A White House Fourth
My most memorable Fourth? That's easy: 2001. White House staff were invited to bring their children to the South Lawn to watch the fireworks.
My most memorable Fourth? That's easy: 2001. White House staff were as usual invited to bring their children to the South Lawn to watch the fireworks on the Mall. My wife was still pregnant with our third child to be, but I took Miranda (then almost 10) and Nathaniel (then 7). They were old White House hands by then: security was laxer pre-9/11, and I brought them with me whenever I had to work on a weekend. Quite against the rules, they helped themselves to the run of the place, ordering hamburgers at the White House mess and on one grand occasion, meeting the president's dog and its walker, and volunteering to do the walker's job of ball tossing for him.
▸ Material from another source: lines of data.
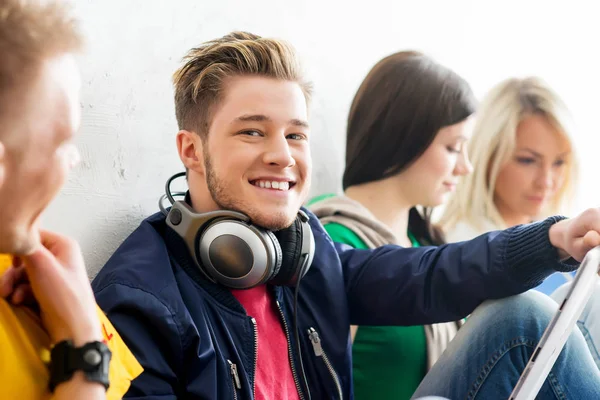 Gruppe lächelnder Studenten — Stockfoto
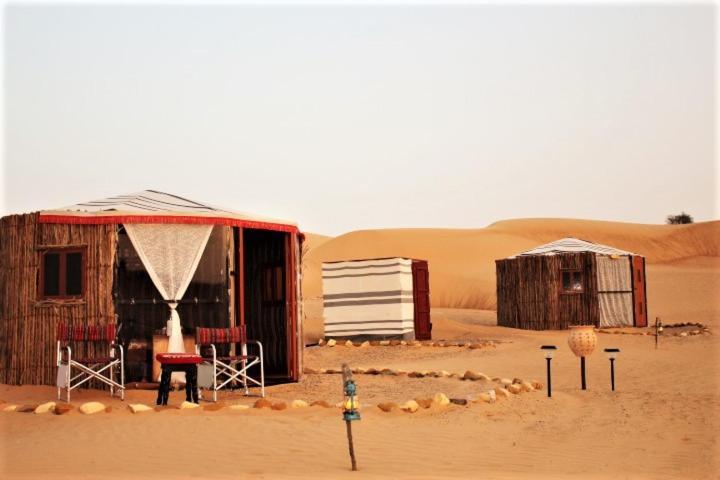 Legend Desert Camp Fulayj al Masha'ikh ภายนอก รูปภาพ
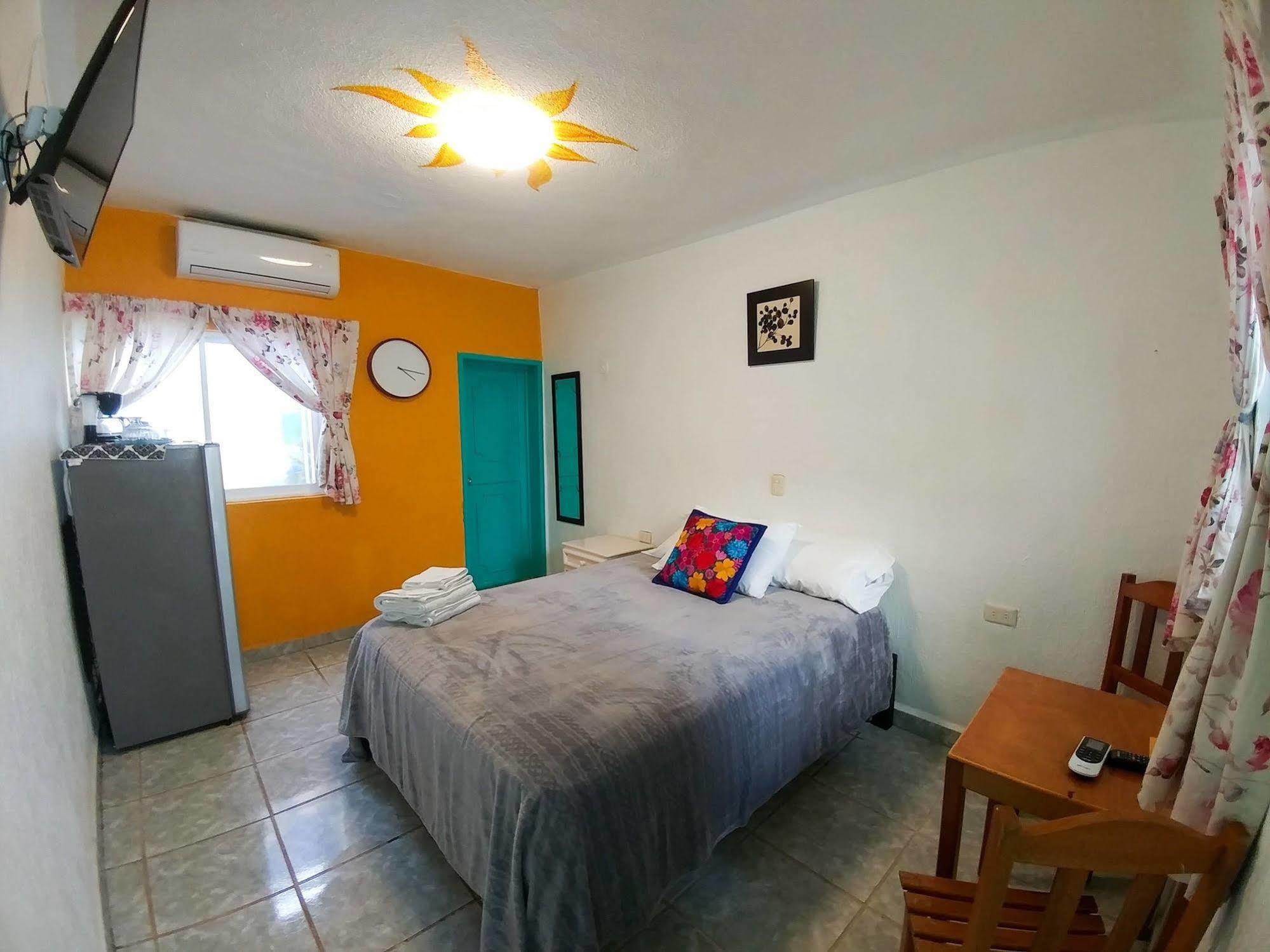 Posada Paso Del Sol Isla Mujeres Eksteriør billede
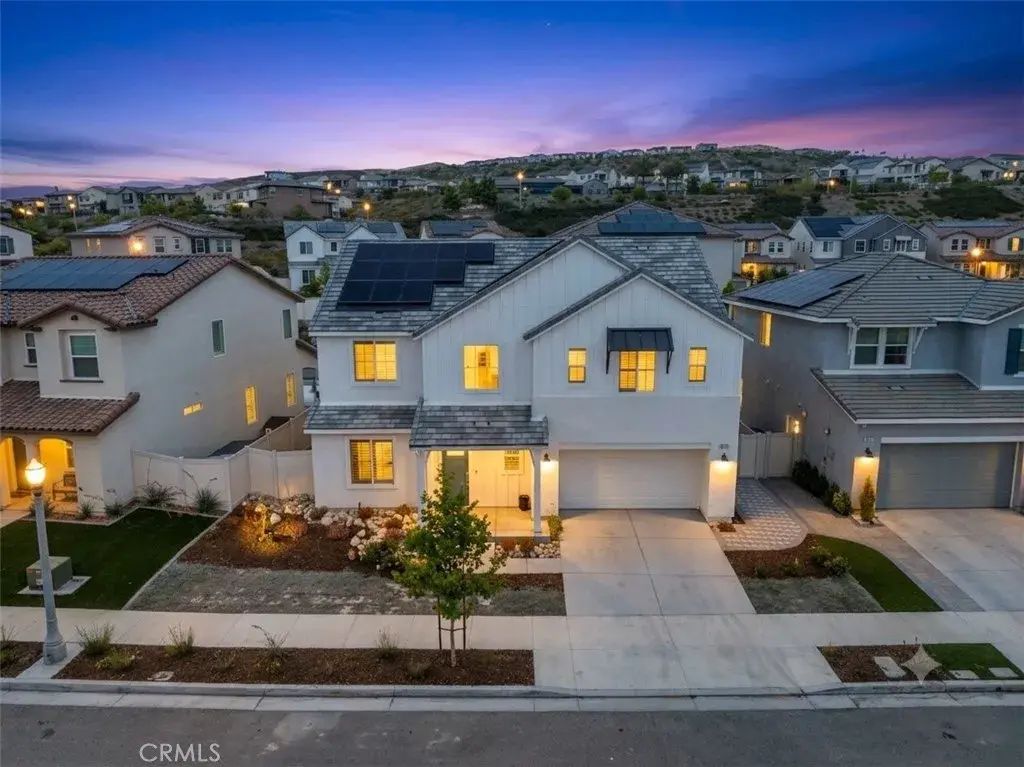 18135 Tableau Way, Saugus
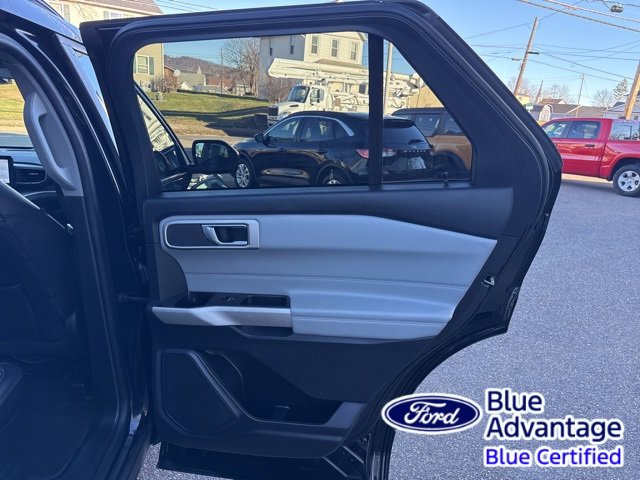 Certified 2022 Ford Explorer XLT w/ Equipment Group 202A image 33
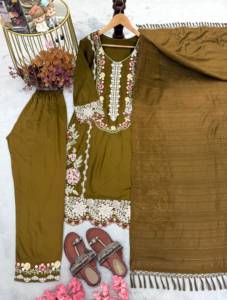 Ensemble de kurta pakistanais de créateur en faux georgette lourd avec broderie et travail de sequins, salwar kameez - Product Image 6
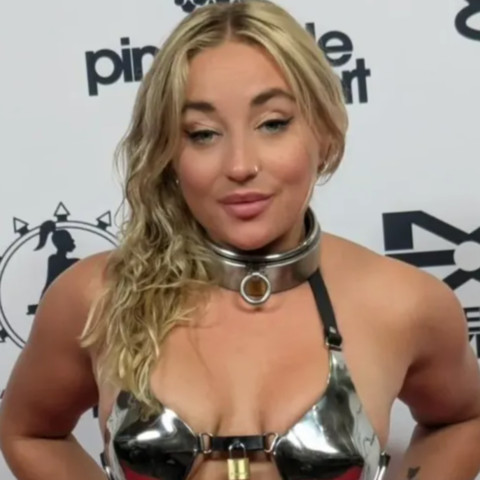 Zoey Ziptie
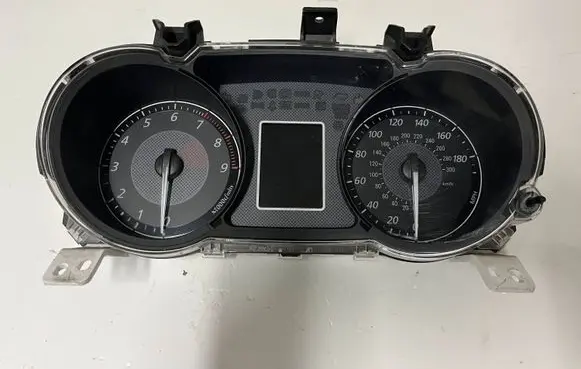 Mitsubishi Lancer Evolution Speedometer (instrument cluster) 8100A645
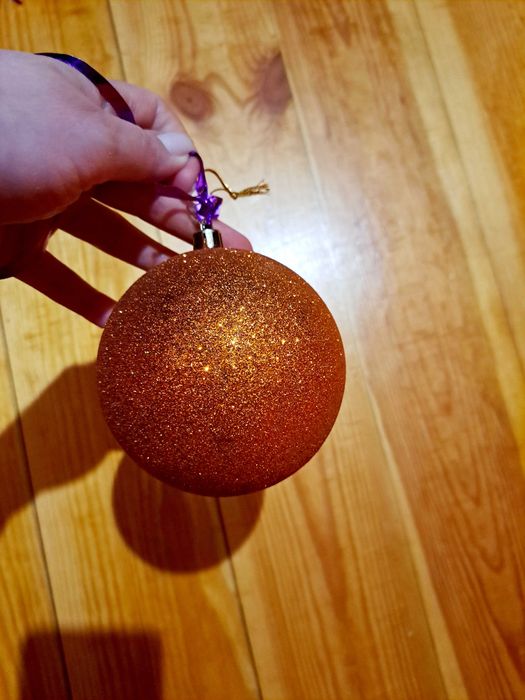 Новогодние игрушки на ёлочку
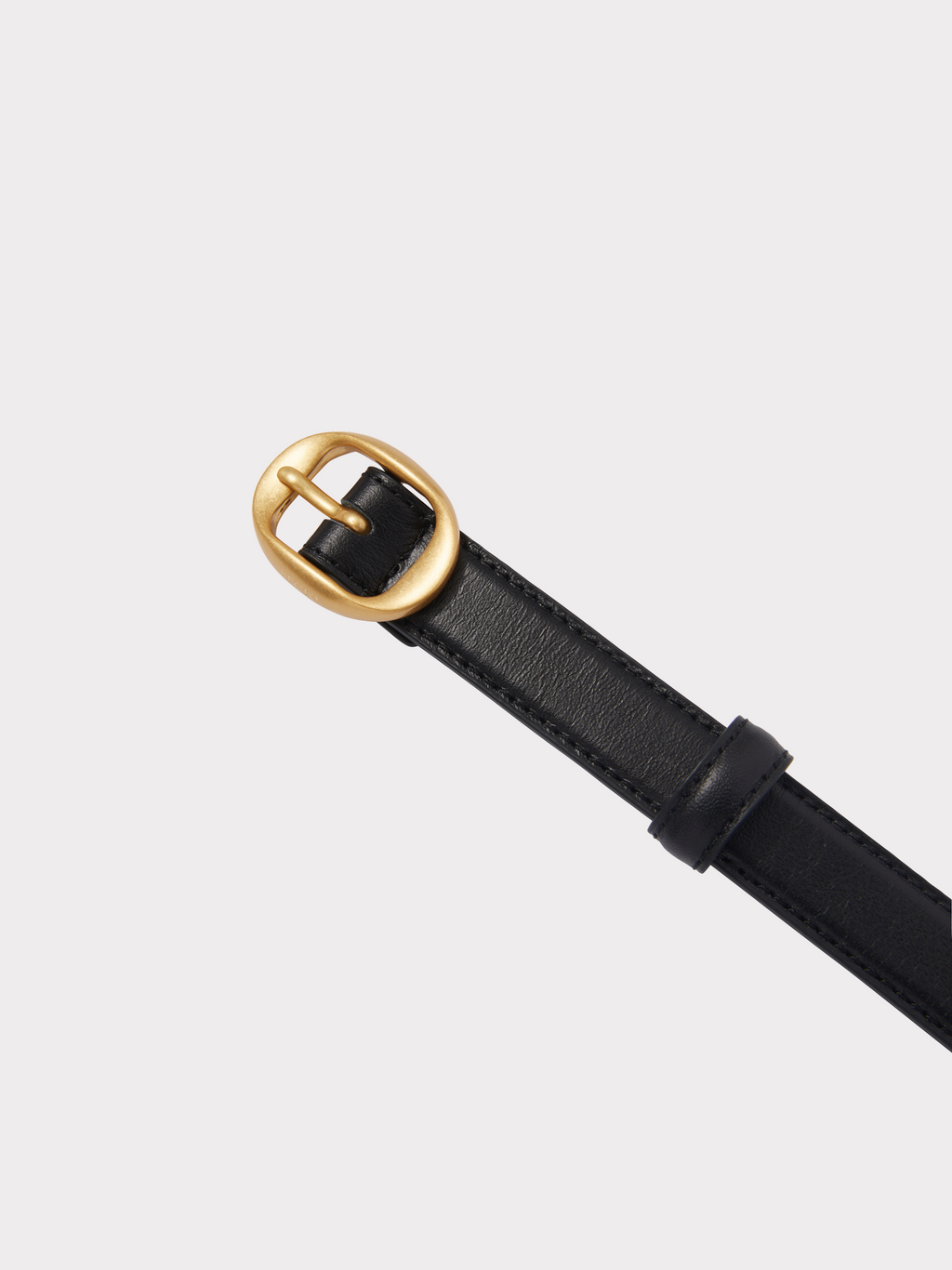 Signature Small Oval Buckle Belt (Black)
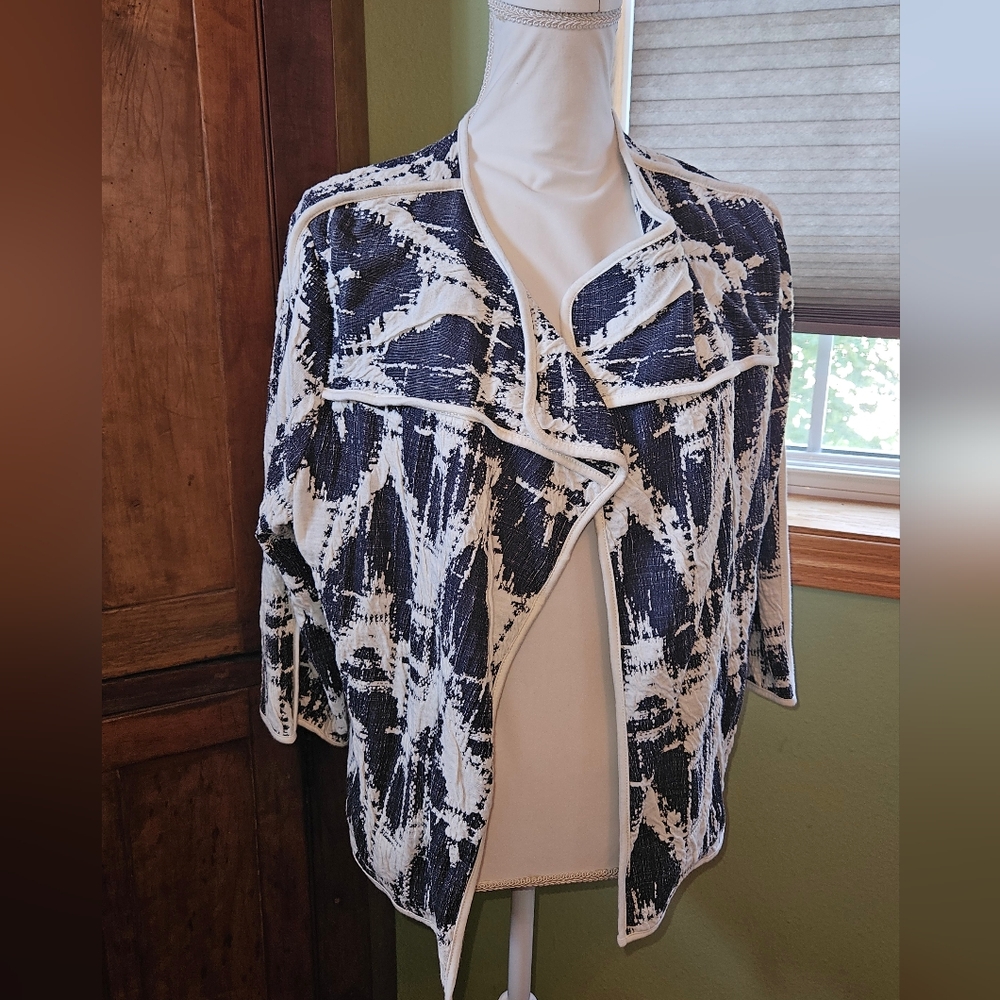 IC By Connie K Navy Blue and White Cardigan. XL.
We were all served soft drinks in red plastic cups blazed with "The White House" on them. Nice souvenirs. Then - wham - the sky opened up in one of those Washington rains that is less like rain and more like being immersed in a lake. The only shelter could be found under trees, and that was not shelter: it was water punctuation. The children were quickly drenched, rain spilling from out their shoes.
Washingtonians are used to cloudbursts that end as rapidly as they start. This rain obviously intended to last a long time, and would pound Washington for the rest of the day. The fireworks somehow managed to ignite anyway - but they were best watched that year from TV. Except for an intrepid few staffers who had thought to equip themselves with waterproof ponchos, the staff quickly decided to flee. Soon I was marching all the long way from the east gate of the White House, around the long curve of the south lawn, to my car parked on the west side.
Once we were home and dry, the story seemed quite funny. Not for long though. That flight from the White House grounds foreshadowed another White House evacuation, on a truly beautiful day three months later.